▸ **Data excerpt**
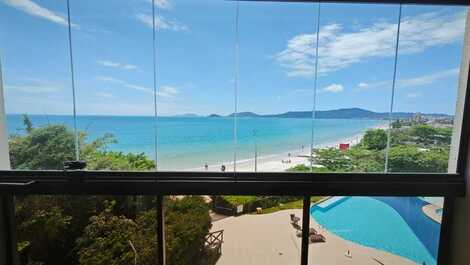 Precioso apartamento con vistas al mar.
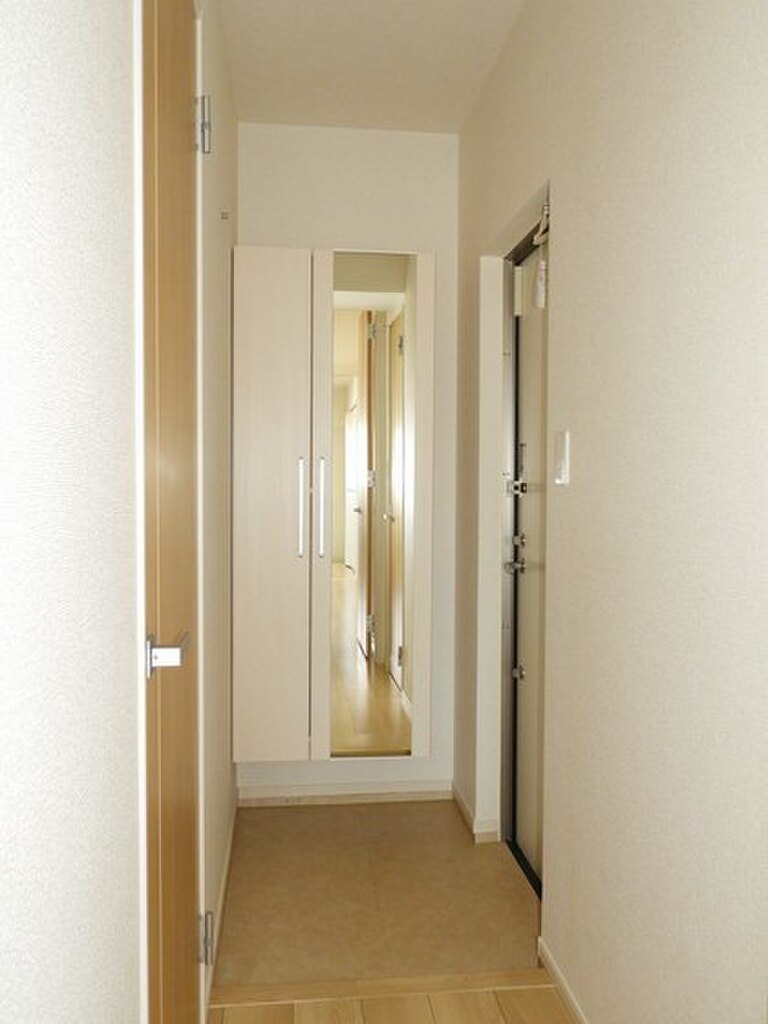 (10/22) 玄関 (10/22) 玄関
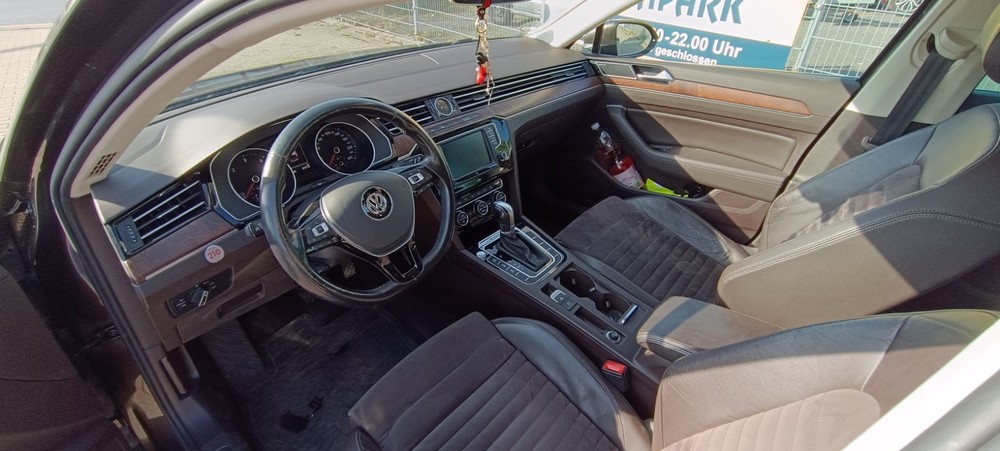 VW Passat Variant 132.000 km 18.500 &euro; Kamen 59174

▸ **Instructions for the task**
Word for word, copy every line of the data, excluding any pictures.

▸ **Result of this exercise**
 Precioso apartamento con vistas al mar.
 (10/22) 玄関 (10/22) 玄関
 VW Passat Variant 132.000 km 18.500 &euro; Kamen 59174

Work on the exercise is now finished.